The TFEL is a set of building blocks that are organized to be easily extensible. Nevertheless the toolbox is already rich enough to implement and solve some not-so-trivial-problems, such as the Navier-Stokes equations.

The following concepts and features, among others, are already available:

  • Conformal, simplicial meshes built from edges, triangle, tetrahedron cells,
  • Polynomial Lagrange finite element of degree 0, 1 and 2 on edges, triangle, tetrahedron cells,
  • Scalar and vector finite element spaces,
  • Linear and bilinear forms expressed as integrals over meshes and submeshes,
  • Various numerical quadrature formulas,
  • Interface with PETSc's sparse solvers, and LAPACK dense solver,
  • Export in Ensight6 file format,

Hello World: The Poisson Equation in 2D

One of the simplest elliptical partial differential equation is the Poisson's equation.

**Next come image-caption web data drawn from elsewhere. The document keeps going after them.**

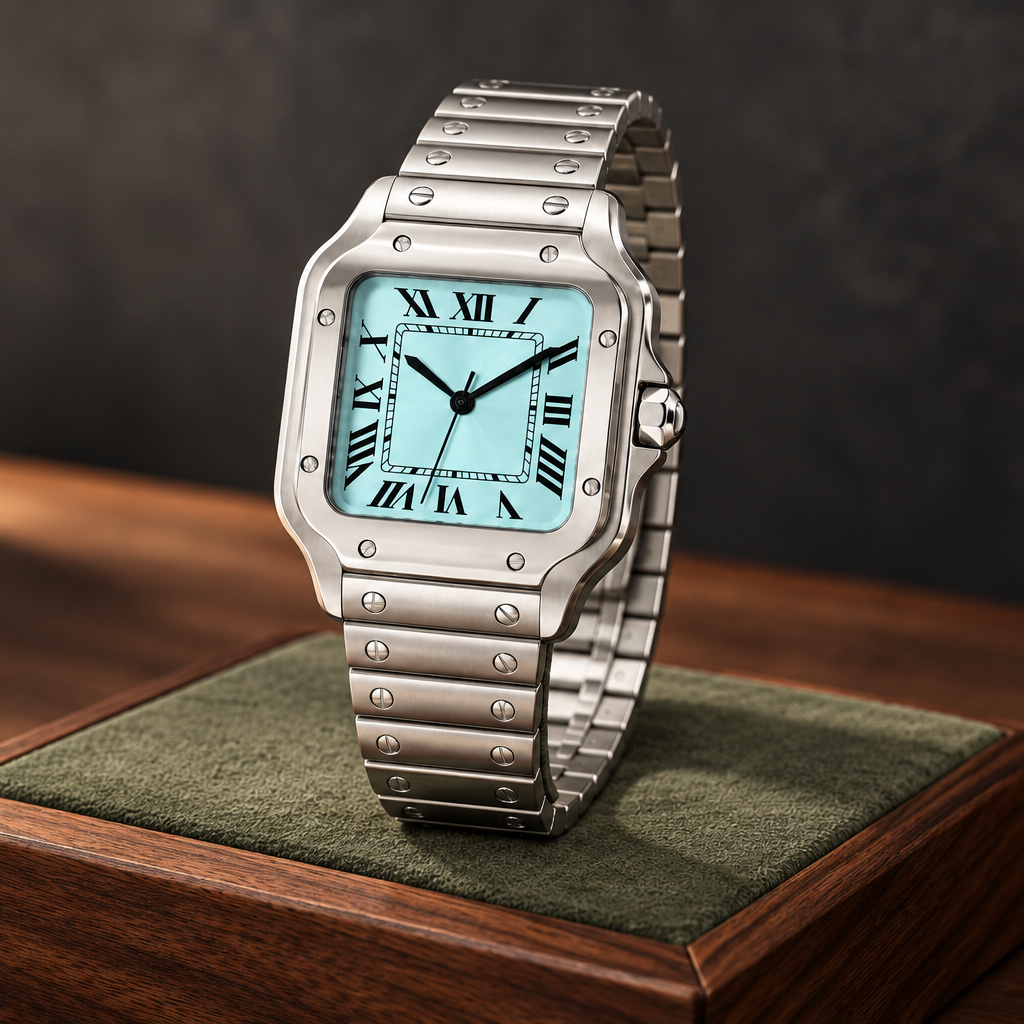 Santé Square Aqua Blue watch displayed on a walnut block with sage suede, crown visible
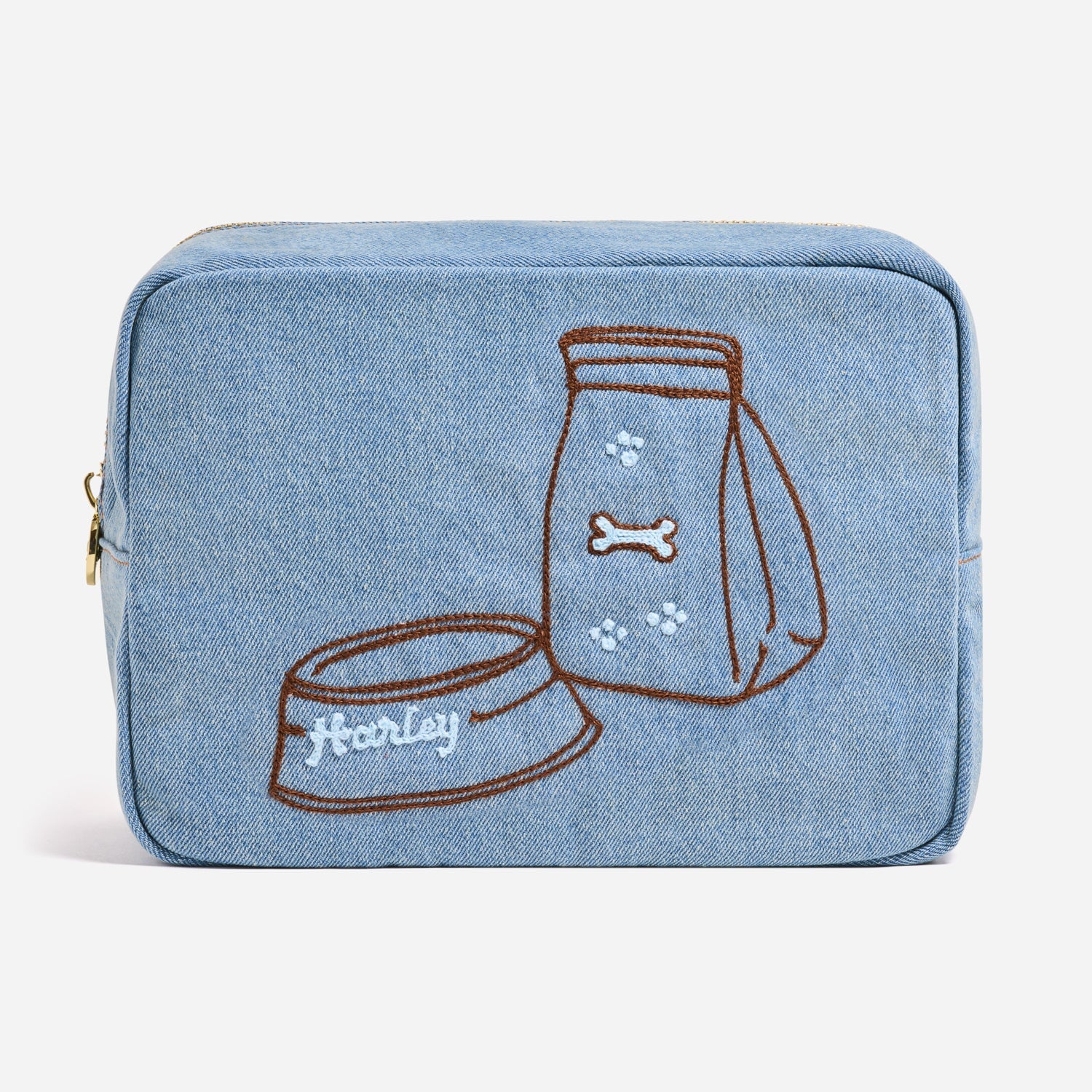 Custom Hand Embroidered Pet Food Bowl Denim Large Pouch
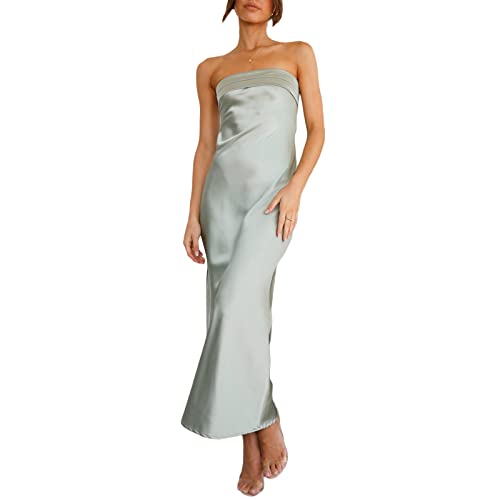 Women Summer Satin Silky Strapless Dress Solid Color Smooth Satin Silk A-Line Backless Midi Dress Clubwear Long Dress (B-Light Green, S) von RTGSE
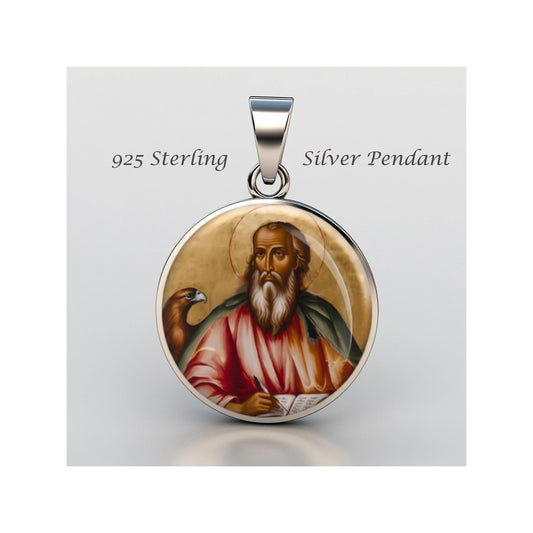 Saint John The Evangelist Religious Devotional sterling silver 925 Christian Medal Patron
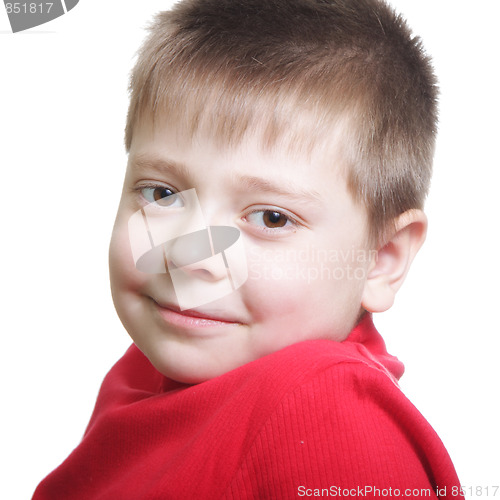 Image of Portrait of cute boy in red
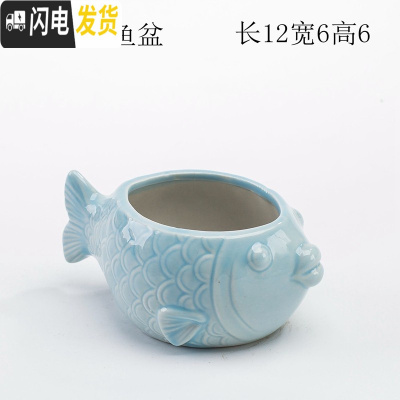 三维工匠少女心创意个性中大号口径拇指好看的多肉植物花盆器陶瓷 浅蓝胖鱼盆 中等花盆容器
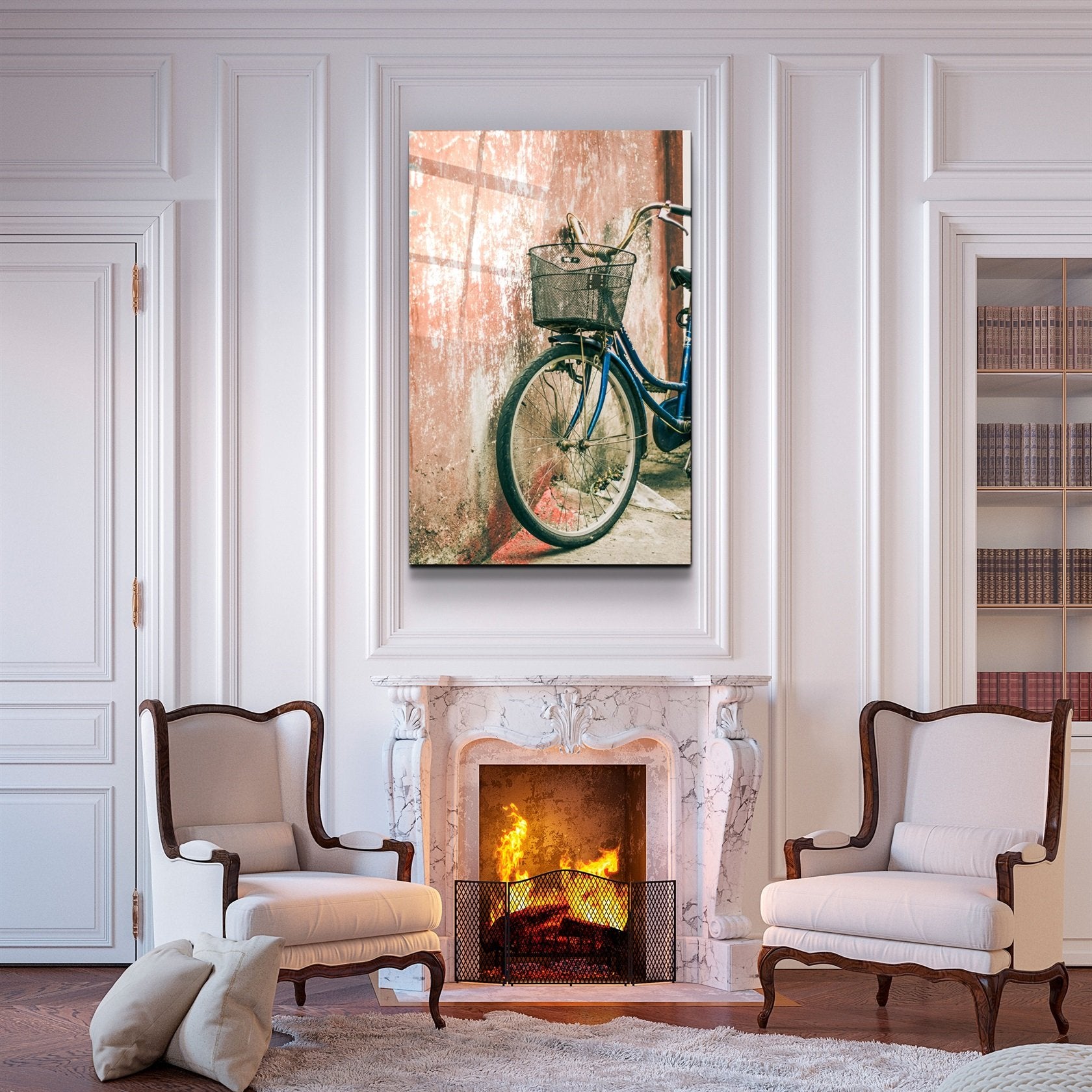 ・"Bicycle with Basket"・Glass Wall Art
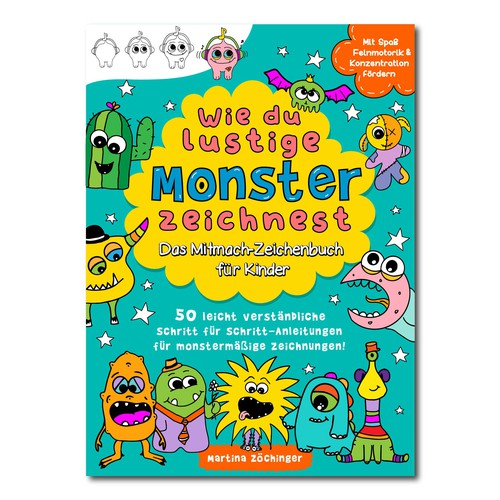Design a cheerful cover for a monster drawing book for children Design by ALINAsINK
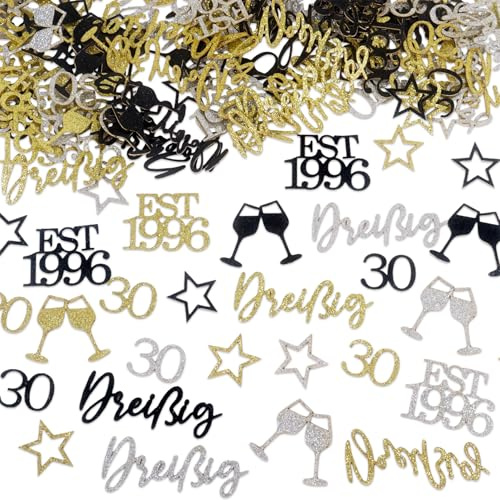 200 Stück Konfetti 30 Geburtstag Deko Glitter Streudeko Schwarz Gold Silber 1995 Geburtstagsdeko Konfetti Tischdeko 30. Geburtstag Männer Frauen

The following example solve the Poisson's equation with homogeneous boundary conditions and a constant right hand side on a square domain in 2 space dimensions.

#include <tfel/tfel.hpp>

double f(const double* x);

const std::size_t n = 10;

int main() {
  using cell_type = cell::triangle;
  using mesh_type = fe_mesh<cell_type>;
  using fe_type = cell_type::fe::lagrange_p1;
  using fes_type = finite_element_space<fe_type>;
  using quad_type = quad::triangle::qf5pT;
  
  mesh_type m(gen_square_mesh(1.0, 1.0, n, n));
  submesh<cell_type> dm(m.get_boundary_submesh());

  fes_type fes(m);
  fes.add_dirichlet_boundary(dm);

  bilinear_form<fes_type, fes_type> a(fes, fes); {
    auto u(a.get_trial_function());
    auto v(a.get_test_function());
  
    a += integrate<quad_type>(d<1>(u) * d<1>(v) +
                              d<2>(u) * d<2>(v)
                              , m);
  }
  
  linear_form<fes_type> b(fes); {
    auto v(b.get_test_function());
    
    b += integrate<quad_type>(f * v, m);
  }
  
  dictionary param(dictionary()
                     .set("maxits",  2000u)
                     .set("restart", 1000u)
                     .set("rtol",    1.e-8)
                     .set("atol",    1.e-50)
                     .set("dtol",    1.e20)
                     .set("ilufill", 2u));
  solver::petsc::gmres_ilu s(param);
    
  const fes_type::element u(a.solve(b, s));

  exporter::ensight6("poisson",
                     to_mesh_vertex_data<fe_type>(u), "u");

  return 0;
}

double f(const double* x) {
  return 1.0;
}

Assuming the code is saved in a file poisson.cpp, it can be compiled with the command

clang++ -std=c++14 poisson.cpp -I$HOME/.local/include -I/usr//local/Cellar/lapack/3.7.1/include/ -I$PETSC_DIR/include -L$HOME/.local/lib -L$PETSC_DIR/lib -L/usr/local/Cellar/lapack/3.7.1/lib -llapacke -ltfel  -lpetsc -lmpi -o poisson

(Your setup may vary. Here LAPACK is installed through homebrew on macos, and PETSc is compiled from source)

Run the computation with

./poisson

and the results are stored in the output file poisson.case.